# [Your objective]
A faithful, word-for-word copy of the data below is required, without pictures.

Dataset entries
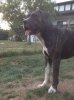EMMET K9 MADNESS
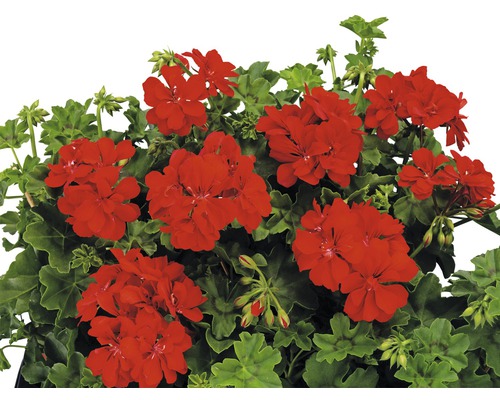 Hangende geranium FloraSelf Pelargonium peltatum Ø 10,5 cm pot willekeurige variëteitselectie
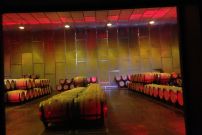 bodegas-cavas-06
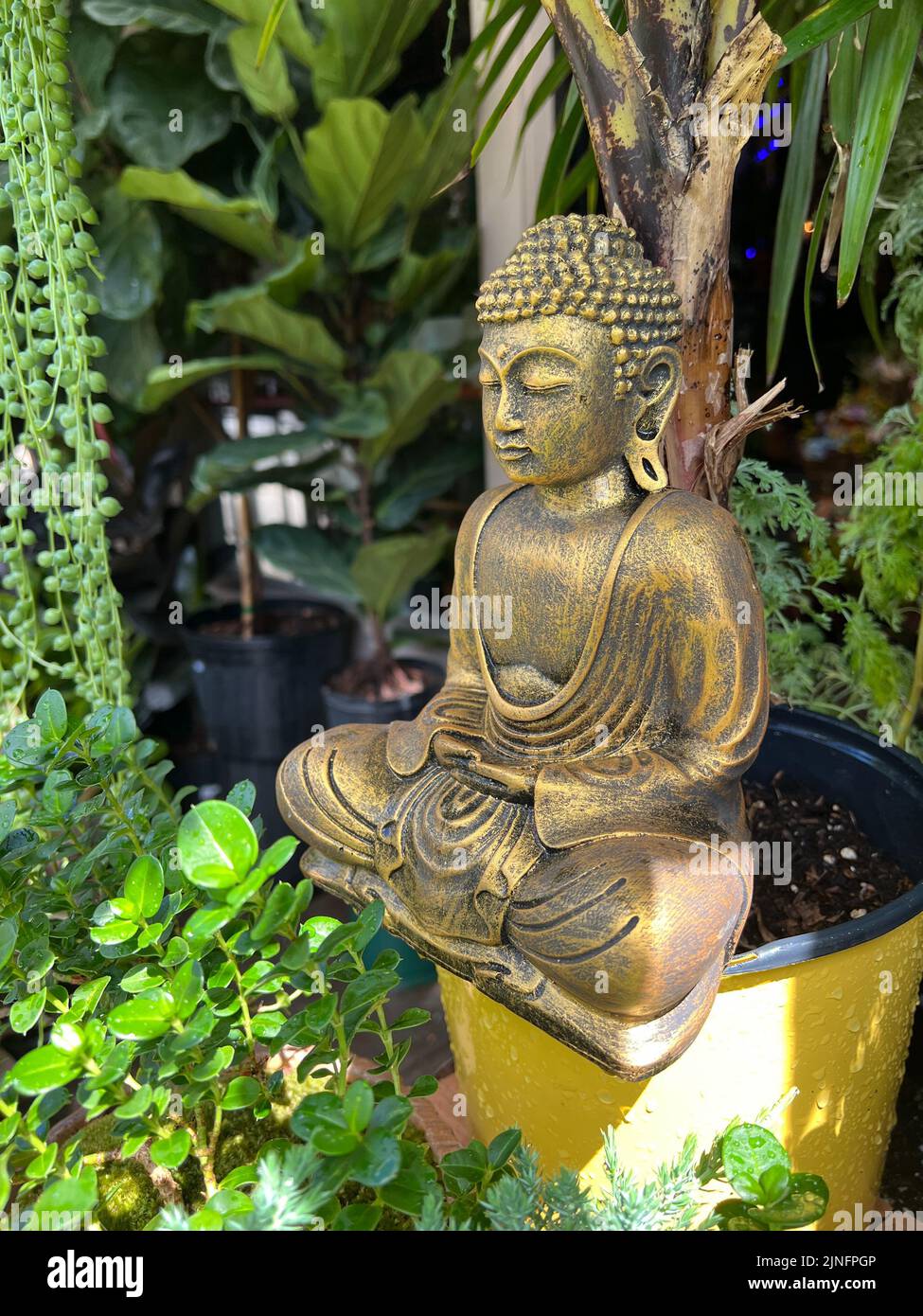 Buddha seduto, all'aperto tra le piante, Brooklyn, New York. Foto Stock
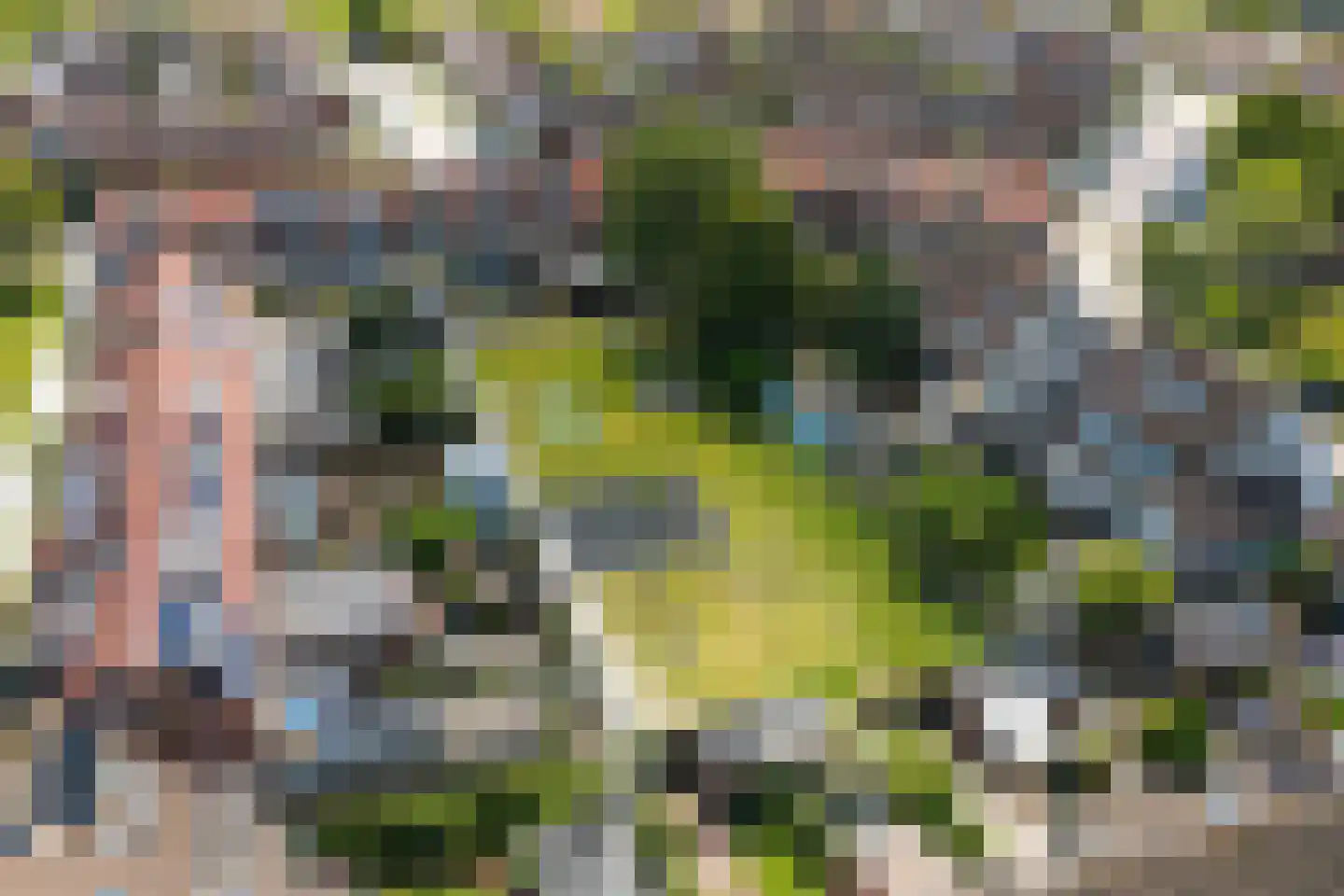 Wezenland 209 Wormer thumbnail 53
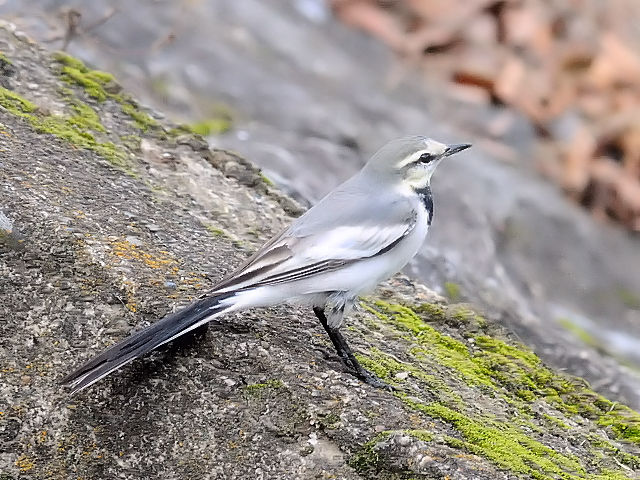 F nNZLC@ᒹ@s@@2011/12/07@ Photo by Kohyuh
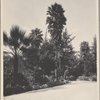 Baldwin Ranch near Los Angeles, Cal.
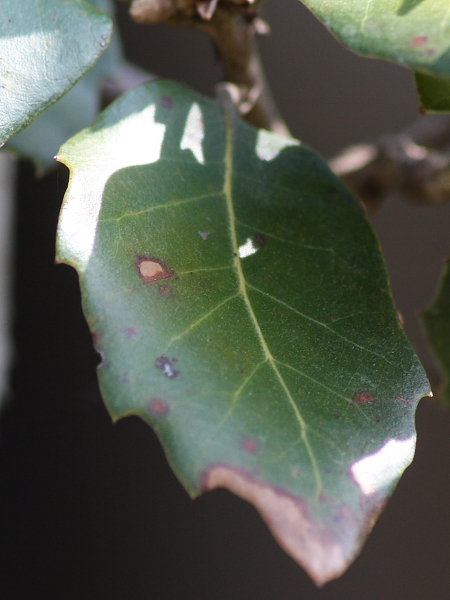 Quercus ilex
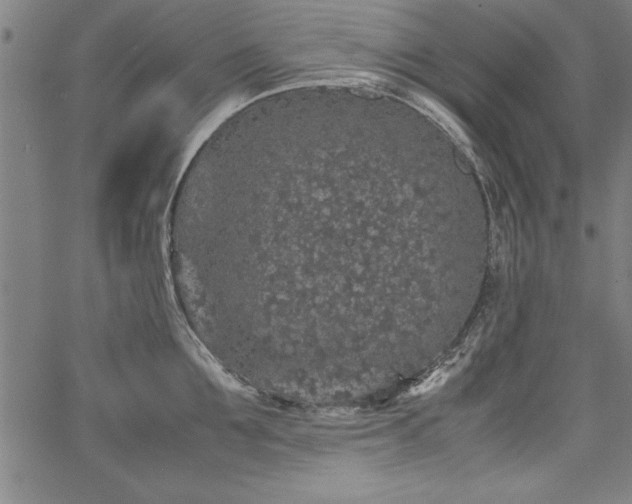 X0000067910907200604131340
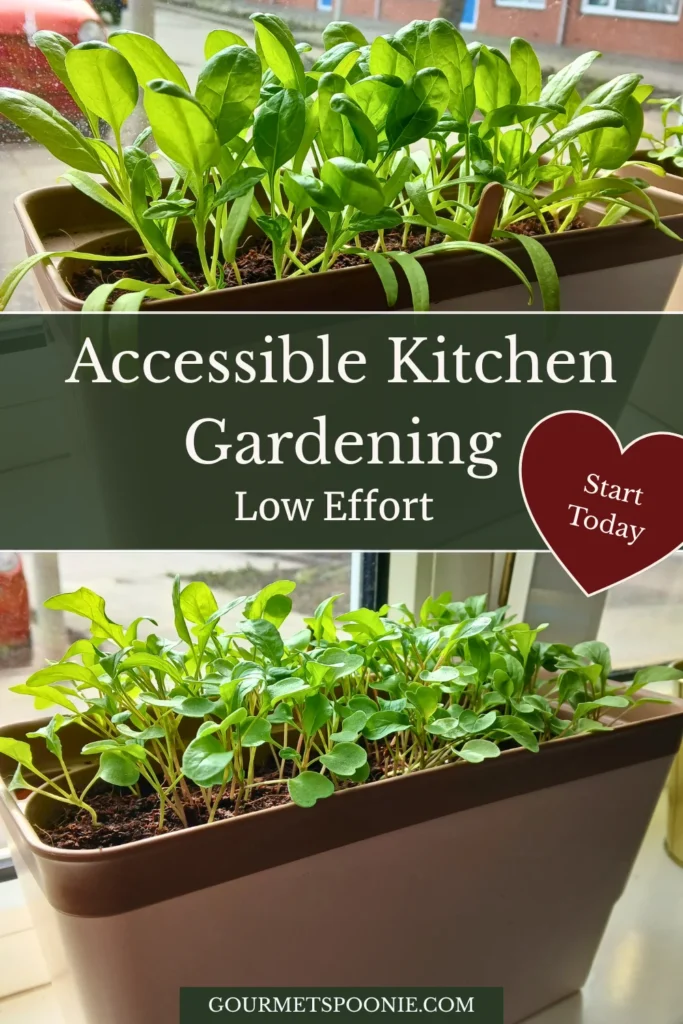 Windowsill garden with small pots of leafy greens and herbs in natural light, showing an accessible indoor kitchen gardening setup.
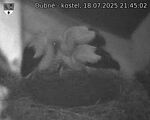 Capi_Dubne_20250718_214502.jpg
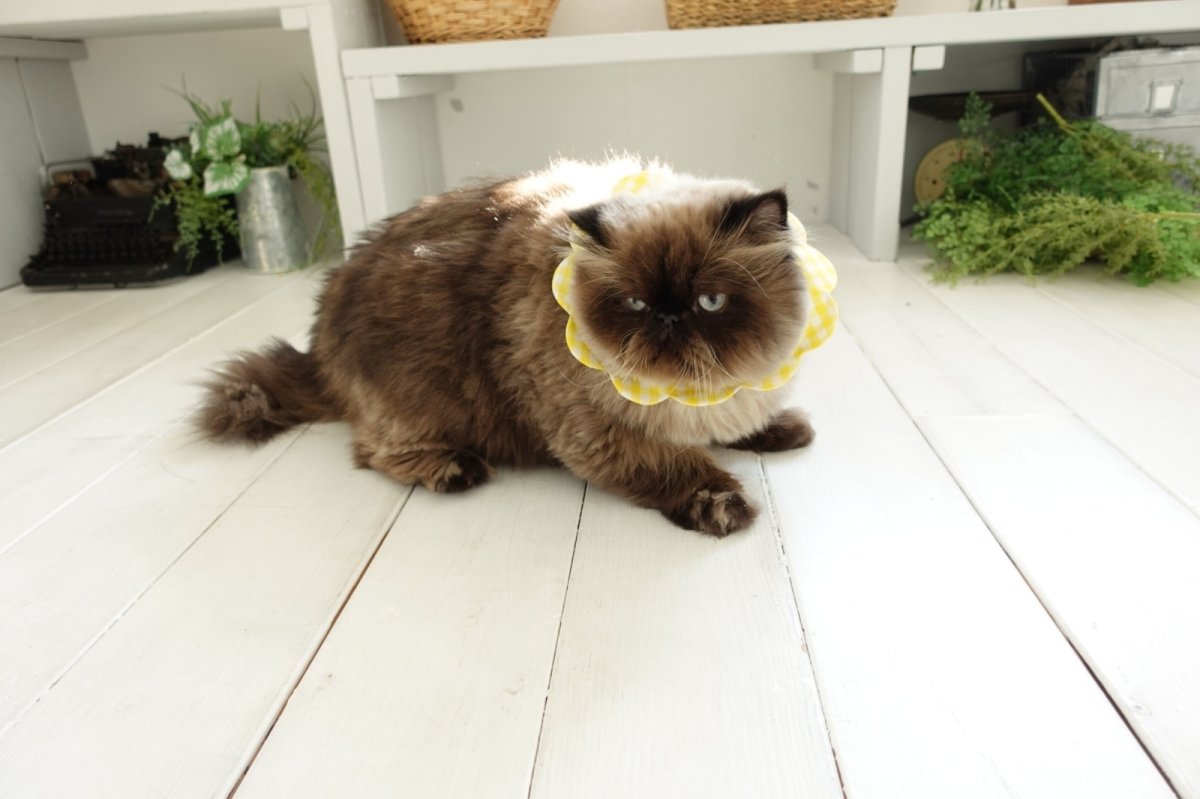 画像5: パイナップル/猫のスタイ首輪/ダブル衿【ロングタイプ】 (5)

# [Solution]
EMMET K9 MADNESS
 Hangende geranium FloraSelf Pelargonium peltatum Ø 10,5 cm pot willekeurige variëteitselectie
 bodegas-cavas-06
 Buddha seduto, all'aperto tra le piante, Brooklyn, New York. Foto Stock
 Wezenland 209 Wormer thumbnail 53
 F nNZLC@ᒹ@s@@2011/12/07@ Photo by Kohyuh
 Baldwin Ranch near Los Angeles, Cal.
 Quercus ilex
 X0000067910907200604131340
 Windowsill garden with small pots of leafy greens and herbs in natural light, showing an accessible indoor kitchen gardening setup.
 Capi_Dubne_20250718_214502.jpg
 画像5: パイナップル/猫のスタイ首輪/ダブル衿【ロングタイプ】 (5)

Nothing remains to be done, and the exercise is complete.